After the flood WWI Films

WWI Films

“How can we give the general public a starting point in a complex subject?”


BBC History

The Problem

Inform a popular audience about the origins and facts of the First World War

Our Solution

Four tightly scripted films tackle the overview down to trenches-view using archive and graphics


The films have since got many thousands of views on

“How can we give the general public a starting point in a complex subject?”

We made four videos for the BBC’s 100th Anniversary of the outbreak of WWI, done in the Explainer format that we developed for BBC Knowledge and Learning — videos that take complex ideas and communicate them to a general audience. 

Editorially, these films work from the macro view of the war with Overview, focussing in on The Origins and then a deeper view to The Trenches, with The Somme as the most granular view. It was interesting to work at different paces and densities of information. The Overview makes the most of every second whereas The Somme is respectfully paced.

WWI Overview

This film weaves together the key events and conclusions of the war. We had to edit heavily – both events and detail to create a coherent story.

The Origins of WWI

The origins of WW1 are a famously complex network of linkages, actions, and effects.
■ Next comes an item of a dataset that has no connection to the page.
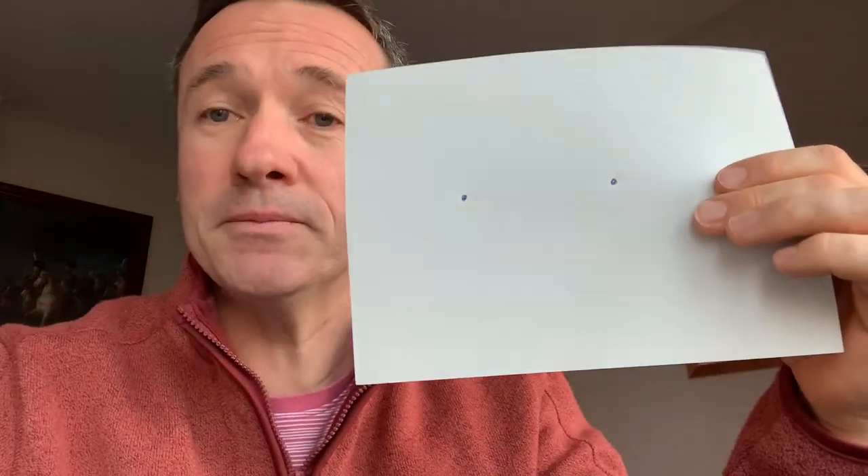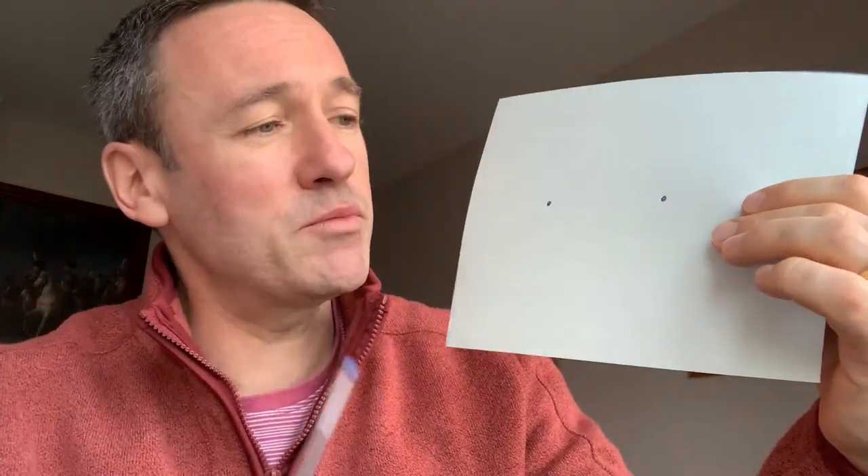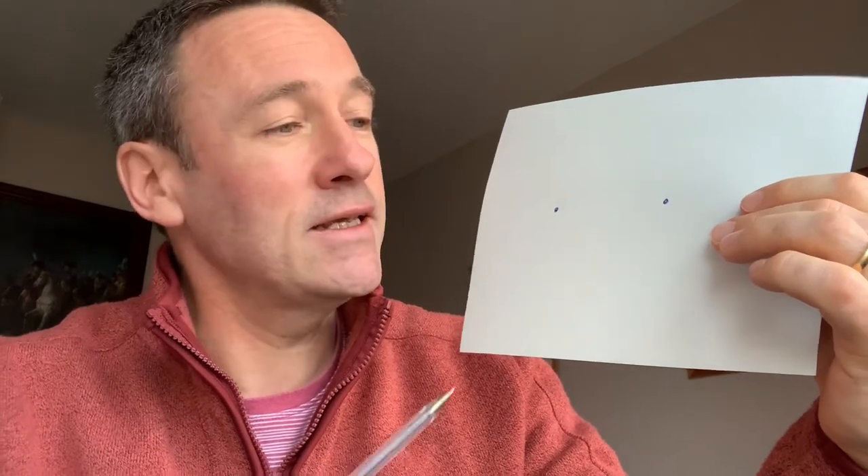I then learned later in life that we actually have a physical blind spot at the back of the eye, and I'm going to show you now how you can identify and find your blind spot. It's really simple — all you have to do is take a piece of paper, just like this one. A blank piece of paper is best. Put two dots on the paper about seven or eight centimeters apart.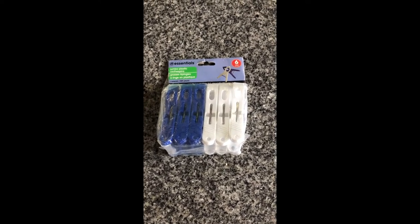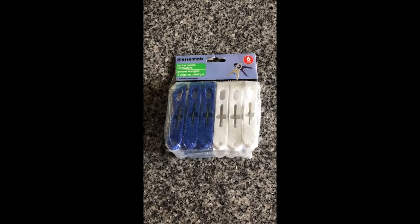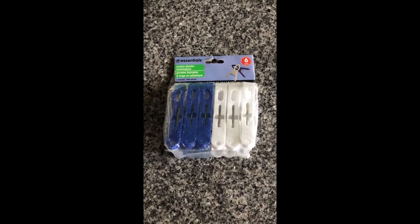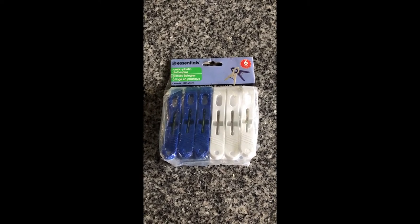But that's it — some jumbo plastic clothes pins. Stay tuned for more Dollar Tree gadget reviews, and as always, go Bills!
Key to this film was presenting the actors, motivations, and eventual conditions that sent them to war.

The Trenches

The Trenches was centred on the lives of the men at the Front and different parts of the theatre. It was important to combine the objective, diagrammatic architectural plans of the trench system with photos and film that humanised the men living and dying there.

The Somme

This and The Trenches operate at a more micro level than the macro of Overview and Origins. The Somme is a solid telling of the events of a very bloody battle, but editorially we challenged the ‘total failure’ aspect alongside the facts and figures.

The making of ...

These videos depended more heavily on footage and photography than previous films. We spent a couple of months researching at the archives of the Imperial War Museum to source original and compelling footage. We uncovered some fairly strong pictures that haven’t been in the public eye. Editorially, we felt that these would be interesting and robust, but given the BBC Producer Guidelines on depictions of dead people, we had to consider that fairly young children would be watching these videos. 


There is a fair amount of locative explanation here and we wanted the maps to aid the complex explanation of the interwoven sides, treaties and conditions of the outbreak of the war. We avoided using thematic maps with lots of ‘dead soldier’ numbers overlaid. We felt that the whole package communicated the sacrifice and icons of dead solders or sized-bubbles would be glib.

Our map of Europe needed basic colour style guides as well as a flexibility that would allow both macro-strategic and location-based data on top.

We worked on ‘pull-out’ and ‘zoom’ detail styles. WWI is a story of micro moments with macro effects and to be zooming in and out and around too much would be distracting. We needed to be able to point out detail while maintaining the larger global flow of the narrative.